Albania Opposition Demands Inquiry Into ‘Bribed’ Former FBI Official

Albania parliamentary Session on Thursday, 2 February 2023. Photo: LSA

Albania’s opposition Democratic Party has filed a request for a parliament’s investigative committee on Thursday, after Prime Minister Edi Rama dismissed claims that his government bribed a former FBI official to push for FBI investigations into matters that damaged the Albanian opposition.

The request said it should investigate relations between Rama and Charles McGonigal, the nature of that relationship and any possible benefits granted to him or people connected to him by the Albanian government.

The request calls for an investigation into whether the Tirana government “incited, influenced, ordered or used public assets, bribes or other favours for the FBI former agent at the expense of the opposition”.

It also wants to investigate whether the government favoured the business connections of McGonigal and other people connected to him, with the Russian oligarch Oleg Deripaska.

On Thursday, the opposition called for Rama to be questioned before a plenary session. Rama refused to attend, claiming he was too busy. He dismissed the opposition claims in a Twitter post.

“This is complete abuse of freedom of the speech, of the truth, of the public,” Rama wrote. “Extreme slanderous statements are being used to manipulate public opinion on a matter investigated by US Justice that has been handled to the courts and has absolutely nothing to do with us here,” he added.

McGonigal, who worked for 20 years at the FBI and retired as chief of the New York Counterintelligence Division faces two separate sets of charges, one in New York and another in Washington DC.

He is charged in New York with breaking the law by working for Deripaska, a Russian oligarch. The other charges claim he failed to disclose his relations with the Albanian government, several Albanian citizens and with a Kosovo politician and two Bosnian politicians.

Prosecutors believe that in August 2017, McGonigal met Agron Neza, an Albanian-born naturalized American, who was described in the indictment as Person A, “and inquired as to whether Person A could provide money for him”.

Over the following months, Neza handed him three tranches of cash, totaling to $225,000 US. Along with Neza, McGonigal traveled to Albania several times, with their expenses covered, met Rama in Tirana and dinned with him in Washington, and opened investigations into the Albanian opposition over the alleged financing by Russian money of its US lobbying effort.

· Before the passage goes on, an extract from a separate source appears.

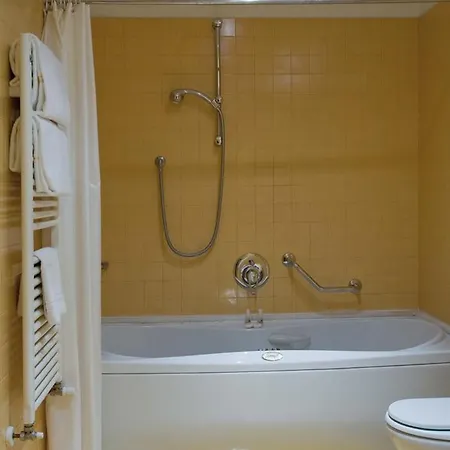 Ovest Hotel Piacenza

In September 2018, McGonigal resigned from the FBI. In April 2019, he and three associates joined an Albanian law firm. The business folded without much success.

As for the 225,000 US dollars that Neza handled to him in autumn 2017, while he was with the FBI, Neza told Albanian media that it was a private matter, while Rama described it as borrowed money.

The Albanian opposition claim the fact that McGonigal was received in Albania with covered expenses, and the fact that he failed to tell the FBI about the 225,000 dollars he received from Neza, show he was in the pocket of the Rama government and used by it against the opposition.